CLK signal: 0.9V; The signal is output from chip 1 to 60, but the current version has only one crystal oscillator. Therefore, as long as there is an abnormal CLK signal, all subsequent signals will be searched and transmitted directly to the abnormal signal. TX signal: 1.8V; this signal is transmitted by chips 1, 2, 3,,,, 60. When an abnormality occurs at a certain point of the dichotomy, it can be detected forward.
RX signal: 1.8V; this signal is transmitted from 60, 59, 58,,,, 1. If it returns a number, please confirm the cause of the failure through the chip signal trend. For example, if the S7 and S9 hash boards are not running, the signal has the highest priority, and the signal is searched first.
BO signal: 0V, The letter No. is detected on the chip RI. When the return signal is normal, it can be pulled high. Otherwise, it is low.
RST signal: 1.8V; after power on and plugging in the hash board IO signal, the signal will change from the transmission direction of 01, 02,,,,,,60 to the last chip.
3 ) A certain chip VDD caused.
It can be measured whether the potential difference of each voltage domain is normal. In general, when the VDD voltage is 0.8V. The normal voltage of each test point in other voltage domains is also 0.8V to ensure that each electricity balances between pressure domains.
4 ) Of a certain chip VDD1V8 abnormal voltage.
Determine a certain value by measuring the test points of each voltage VDD1V8 whether the voltage is normal. Under normal circumstances, IO voltage determines the voltage of each test point, when IO voltage is 1.8V, the test points in other voltage domains are also 1.8V.
5. Low hash rate;
Low hash rate can be divided into:
1) When the test fixture is tested, the fixture receives Nonce Insufficient, which is displayed as NG. This phenomenon can be seen directly through the serial port print information of the test fixture to see the returned judgment quantity of each chip nonce. Generally, if the number of chips is lower than the set value, the excluded chip can be replaced directly, except for welding and peripheral reasons.

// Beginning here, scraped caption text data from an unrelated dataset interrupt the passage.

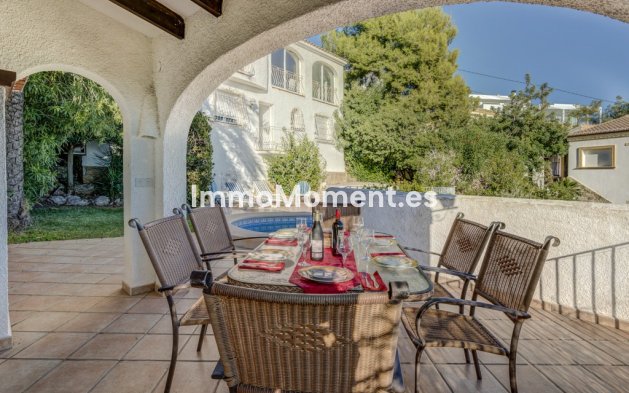 Revente - Villa - Jávea - Jávea - Xàbia Centro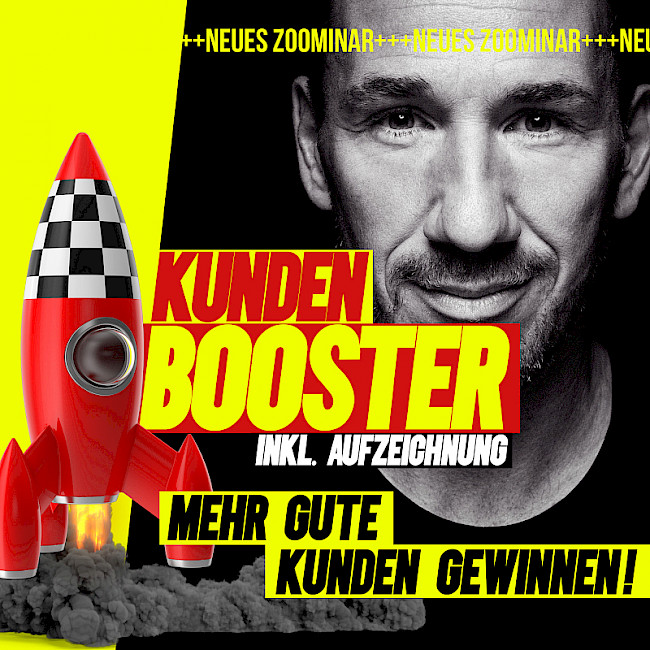 Kundenbooster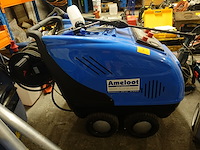 Verrijdbare hogedrukreinger ameloot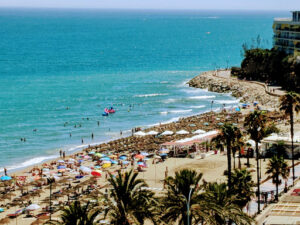 Playa La Caracola
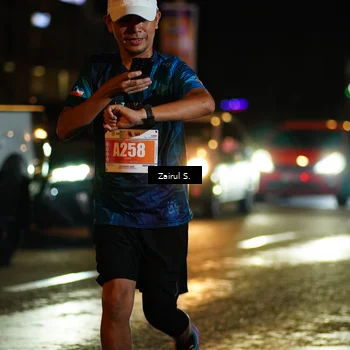 Runner Photo 4391515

2) When testing the fixture, the hash rate is lower after installing the entire miner. This situation is mainly related to the heat dissipation conditions of the chip, and special attention needs to be paid to the glue used for the small heat sink of each chip and the ventilation performance of the whole miner. Another reason is that the voltage of some chips is critical. After the entire miner is installed, the difference between the 12V power supply and the power supply during the test causes a deviation between the test hash rate and the running hash rate. You can use the test box to test after turning down the test fixture and adjust the voltage to a DC adjustable power supply of 12V. After outputting, test again to find out the random number returned. This is because the chip checks the minimum number of voltage domains.
6. A chip NG ;
Refers to the test fixture serial port information showing the return of a specific chip when it passes the test fixture test nonce Insufficient or zero, the chip can be directly replaced in addition to eliminating the problem of virtual soldering and peripheral components.● Maintenance instructions:
1. During maintenance, the maintenance personnel must be familiar with each test point's function and flow direction, the normal voltage value, and the ground impedance value.
2. Must be familiar with chip soldering not to cause PCB blistering and deformation or pin damage.
3. BM1760 chip package, 14 pins on both sides of the chip. The polarity and coordinates must be aligned during welding, and they must not be misaligned.
4. When replacing the chip, the thermally conductive fixing glue around the chip must be cleaned to prevent the IC from hanging in the air or poor heat dissipation during soldering, which may cause secondary damage to the chip.